> [Task goal]: Return the material below exactly, but only from the line with "5th image of 2104 SE 101st Ave" through the line with "8 - 99 PANABAKER DRIVE", and without its pictures.

-------- Input data

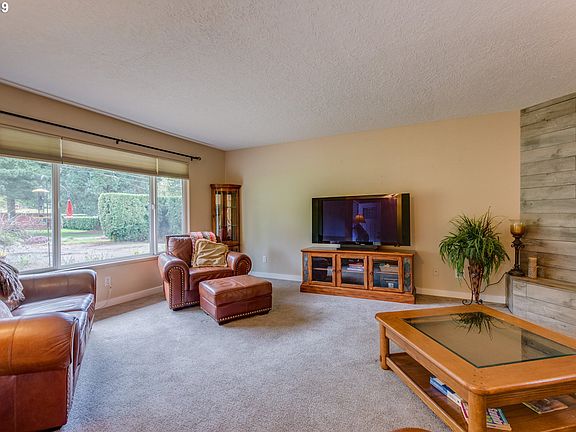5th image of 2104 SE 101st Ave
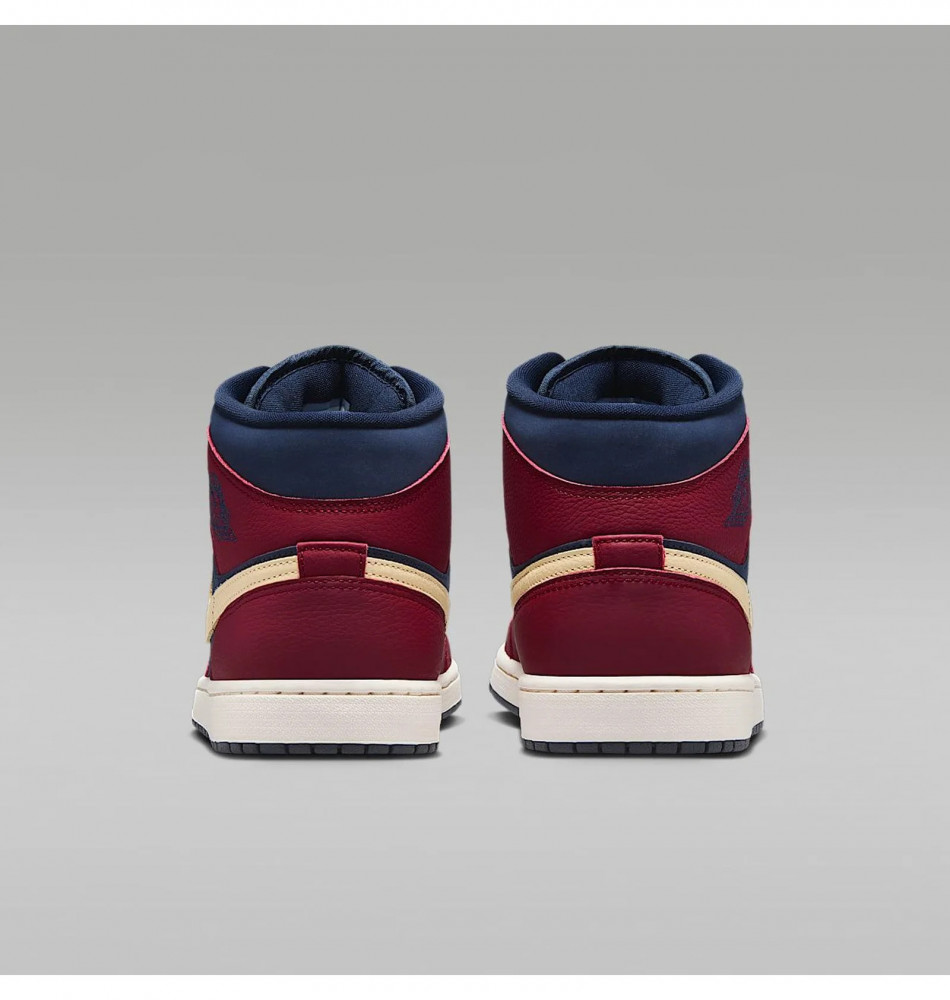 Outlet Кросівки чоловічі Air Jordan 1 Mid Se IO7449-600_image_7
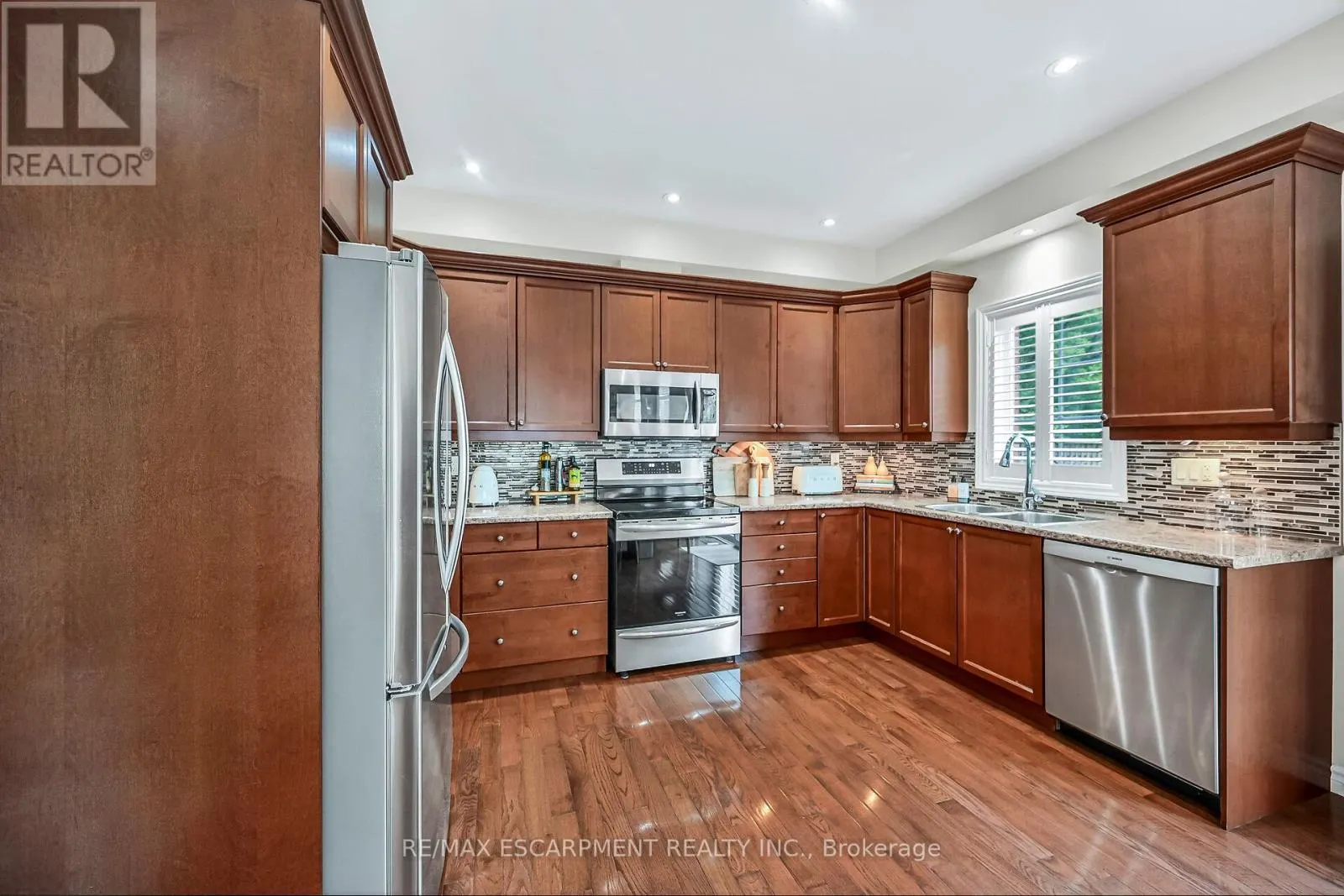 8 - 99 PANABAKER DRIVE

----------------
-------- Input data

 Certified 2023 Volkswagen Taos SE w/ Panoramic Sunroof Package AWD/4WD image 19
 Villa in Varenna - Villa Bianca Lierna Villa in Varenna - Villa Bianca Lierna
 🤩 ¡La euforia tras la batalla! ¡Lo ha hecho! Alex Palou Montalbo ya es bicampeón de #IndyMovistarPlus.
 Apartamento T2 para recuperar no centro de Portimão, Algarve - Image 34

----------------

> [Result]:
5th image of 2104 SE 101st Ave
 Outlet Кросівки чоловічі Air Jordan 1 Mid Se IO7449-600_image_7
 8 - 99 PANABAKER DRIVE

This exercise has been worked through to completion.